> SUPPLIED DATA:
------------------------

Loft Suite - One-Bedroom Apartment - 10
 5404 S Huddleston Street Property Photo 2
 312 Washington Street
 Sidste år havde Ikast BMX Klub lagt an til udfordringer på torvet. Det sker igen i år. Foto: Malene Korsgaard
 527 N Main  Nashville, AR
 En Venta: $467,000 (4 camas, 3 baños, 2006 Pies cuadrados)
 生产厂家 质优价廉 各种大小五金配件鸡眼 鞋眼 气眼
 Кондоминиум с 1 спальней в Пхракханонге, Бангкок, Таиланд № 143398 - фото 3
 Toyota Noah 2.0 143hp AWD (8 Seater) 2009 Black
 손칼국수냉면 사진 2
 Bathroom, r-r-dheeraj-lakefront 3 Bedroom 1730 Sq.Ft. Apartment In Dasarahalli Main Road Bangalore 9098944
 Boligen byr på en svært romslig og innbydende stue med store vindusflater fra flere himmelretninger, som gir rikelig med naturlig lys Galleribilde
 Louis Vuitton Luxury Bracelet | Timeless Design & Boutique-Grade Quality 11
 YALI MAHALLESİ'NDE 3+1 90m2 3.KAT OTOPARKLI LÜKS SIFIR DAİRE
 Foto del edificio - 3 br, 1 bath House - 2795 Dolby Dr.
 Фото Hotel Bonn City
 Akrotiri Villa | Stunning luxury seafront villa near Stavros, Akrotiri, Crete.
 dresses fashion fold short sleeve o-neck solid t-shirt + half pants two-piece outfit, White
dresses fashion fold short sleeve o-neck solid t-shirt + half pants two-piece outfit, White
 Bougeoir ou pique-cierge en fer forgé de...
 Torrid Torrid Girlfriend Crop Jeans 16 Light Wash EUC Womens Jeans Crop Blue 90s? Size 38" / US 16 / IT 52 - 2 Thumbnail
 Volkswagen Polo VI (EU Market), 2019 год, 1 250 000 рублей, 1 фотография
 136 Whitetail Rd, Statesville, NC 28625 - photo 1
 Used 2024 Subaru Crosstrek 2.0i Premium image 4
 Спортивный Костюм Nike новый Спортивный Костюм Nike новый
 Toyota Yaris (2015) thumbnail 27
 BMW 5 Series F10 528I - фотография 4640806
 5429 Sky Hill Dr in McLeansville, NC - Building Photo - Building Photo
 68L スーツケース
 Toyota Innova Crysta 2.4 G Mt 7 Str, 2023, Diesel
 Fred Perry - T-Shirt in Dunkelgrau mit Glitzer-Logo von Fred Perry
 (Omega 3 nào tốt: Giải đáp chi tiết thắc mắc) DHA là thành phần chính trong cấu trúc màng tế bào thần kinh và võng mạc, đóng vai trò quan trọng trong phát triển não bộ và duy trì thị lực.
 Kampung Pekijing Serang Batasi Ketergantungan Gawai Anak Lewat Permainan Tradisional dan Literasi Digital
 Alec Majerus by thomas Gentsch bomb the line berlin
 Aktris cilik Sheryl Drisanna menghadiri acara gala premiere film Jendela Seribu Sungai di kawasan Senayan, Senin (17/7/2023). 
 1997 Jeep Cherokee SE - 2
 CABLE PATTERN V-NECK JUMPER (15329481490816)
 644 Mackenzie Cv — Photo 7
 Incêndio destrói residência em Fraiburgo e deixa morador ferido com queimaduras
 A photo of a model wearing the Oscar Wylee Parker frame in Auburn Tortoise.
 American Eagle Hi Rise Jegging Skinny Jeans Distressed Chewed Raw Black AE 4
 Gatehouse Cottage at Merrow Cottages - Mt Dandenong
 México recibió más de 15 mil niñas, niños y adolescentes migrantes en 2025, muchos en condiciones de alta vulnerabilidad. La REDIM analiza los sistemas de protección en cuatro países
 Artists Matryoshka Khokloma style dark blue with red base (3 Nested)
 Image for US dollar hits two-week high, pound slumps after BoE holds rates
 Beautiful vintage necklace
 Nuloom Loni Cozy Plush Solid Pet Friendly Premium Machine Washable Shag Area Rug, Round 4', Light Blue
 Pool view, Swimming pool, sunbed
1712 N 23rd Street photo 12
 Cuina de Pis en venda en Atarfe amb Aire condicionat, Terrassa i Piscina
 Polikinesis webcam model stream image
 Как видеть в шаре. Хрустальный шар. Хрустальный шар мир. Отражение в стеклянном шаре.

------------------------

> YOUR GOAL:
Search the material for the string "half" and show every line that has it.

> TASK RESPONSE:
 dresses fashion fold short sleeve o-neck solid t-shirt + half pants two-piece outfit, White
dresses fashion fold short sleeve o-neck solid t-shirt + half pants two-piece outfit, White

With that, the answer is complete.